## Data under study
****************************************
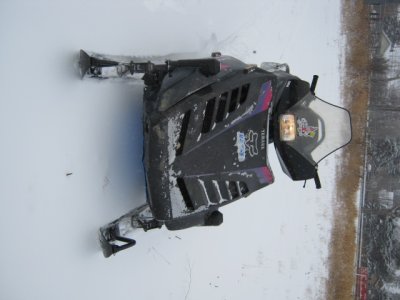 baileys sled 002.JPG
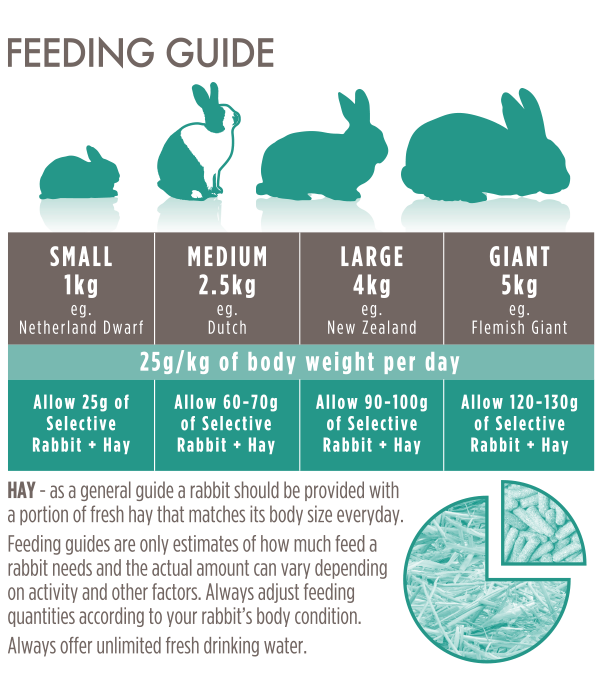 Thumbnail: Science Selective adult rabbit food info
****************************************
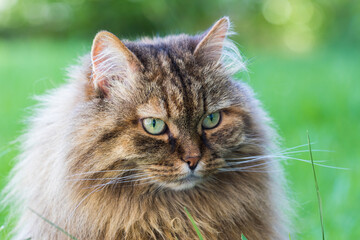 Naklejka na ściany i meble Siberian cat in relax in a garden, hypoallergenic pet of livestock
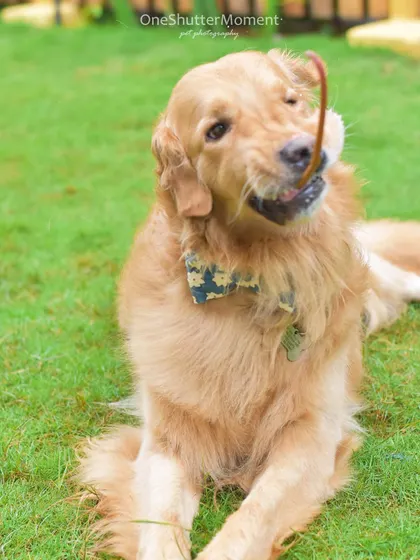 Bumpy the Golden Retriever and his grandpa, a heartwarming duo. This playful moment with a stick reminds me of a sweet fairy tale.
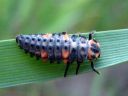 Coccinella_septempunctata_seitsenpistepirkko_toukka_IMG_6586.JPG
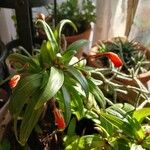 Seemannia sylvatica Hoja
****************************************
## Required work
Copy only the lines above from the one containing "baileys sled 002.JPG" through the one containing "Thumbnail: Science Selective", both included. Leave out the pictures.

## Result for this task
 baileys sled 002.JPG
 Thumbnail: Science Selective adult rabbit food info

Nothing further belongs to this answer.